**Source material**

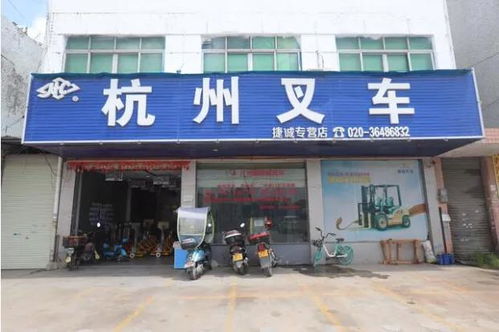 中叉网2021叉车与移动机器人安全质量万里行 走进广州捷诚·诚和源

==

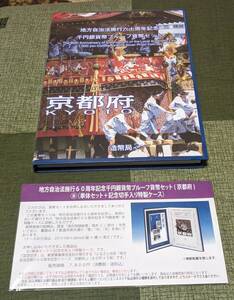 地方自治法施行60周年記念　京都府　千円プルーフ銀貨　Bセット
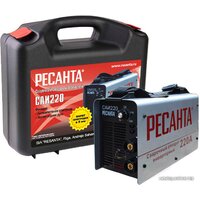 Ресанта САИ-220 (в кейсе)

**Problem to work on**
From the material above, give again exactly the lines from the one that contains "地方自治法施行60周年記念　京都府　千円プルーフ銀貨　Bセット" through the one that contains "Ресанта САИ-220 (в кейсе)", and leave out the pictures.

**Response below**
 地方自治法施行60周年記念　京都府　千円プルーフ銀貨　Bセット
 Ресанта САИ-220 (в кейсе)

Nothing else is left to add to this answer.